Could you reproduce every record below exactly, excluding all pictures?

Captioned web images:
_ _ _ _ _

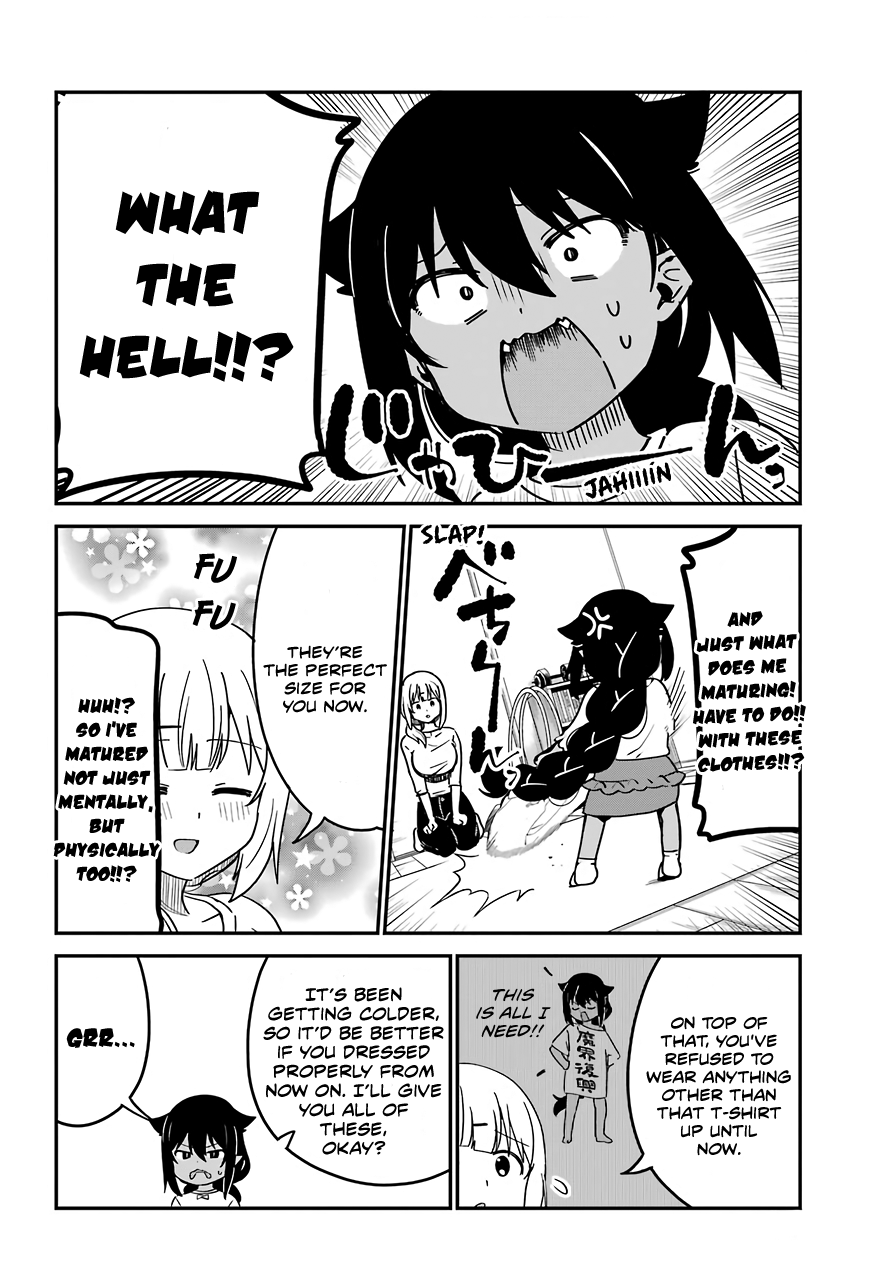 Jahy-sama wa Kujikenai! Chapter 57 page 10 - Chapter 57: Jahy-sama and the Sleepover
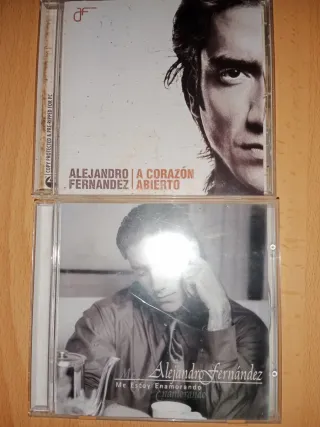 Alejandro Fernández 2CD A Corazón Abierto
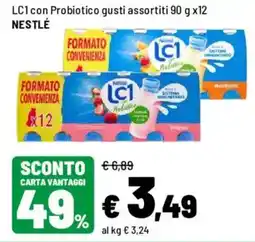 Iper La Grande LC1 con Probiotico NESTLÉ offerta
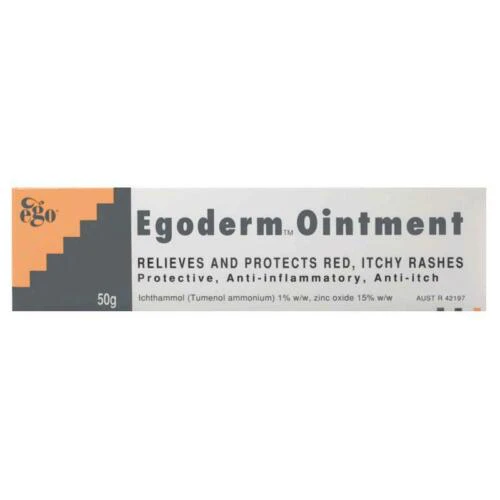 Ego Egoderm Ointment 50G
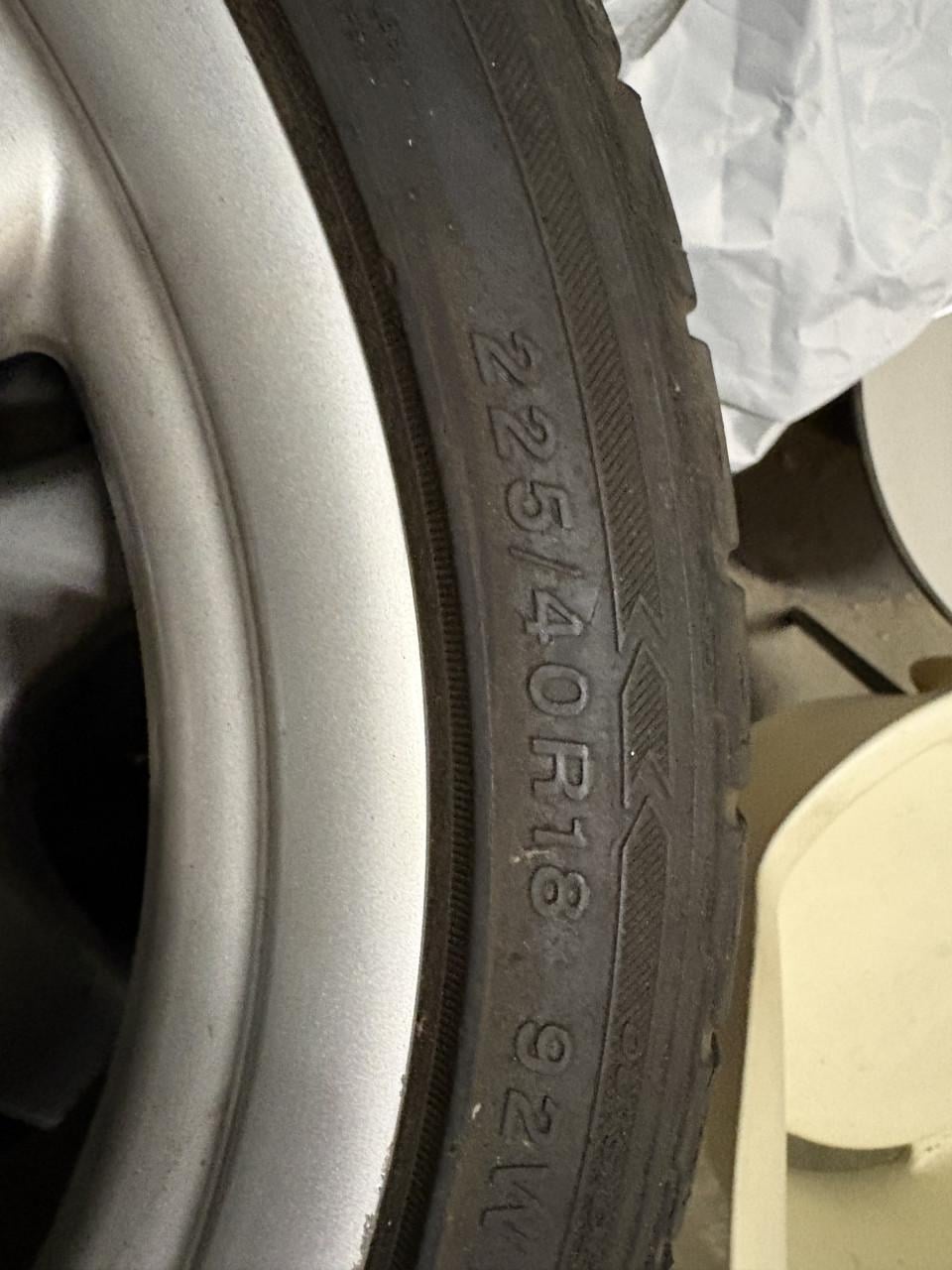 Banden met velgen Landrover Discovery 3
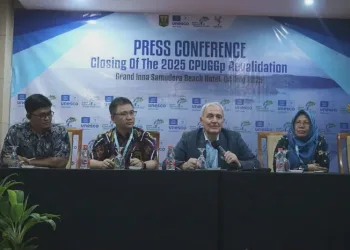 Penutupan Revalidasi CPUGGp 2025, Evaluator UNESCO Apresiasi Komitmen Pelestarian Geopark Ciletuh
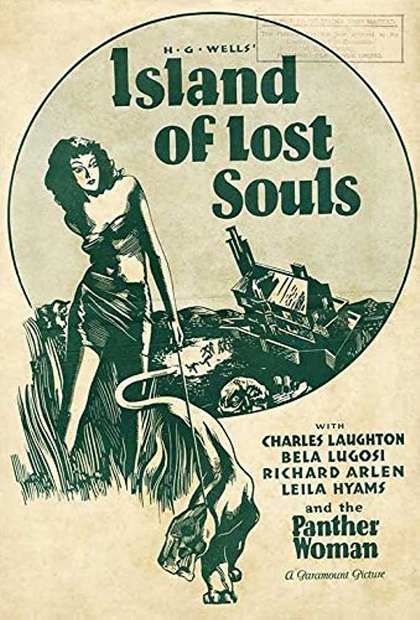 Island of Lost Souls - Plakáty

_ _ _ _ _

Problem solution:
 Jahy-sama wa Kujikenai! Chapter 57 page 10 - Chapter 57: Jahy-sama and the Sleepover
 Alejandro Fernández 2CD A Corazón Abierto
 Iper La Grande LC1 con Probiotico NESTLÉ offerta
 Ego Egoderm Ointment 50G
 Banden met velgen Landrover Discovery 3
 Penutupan Revalidasi CPUGGp 2025, Evaluator UNESCO Apresiasi Komitmen Pelestarian Geopark Ciletuh
 Island of Lost Souls - Plakáty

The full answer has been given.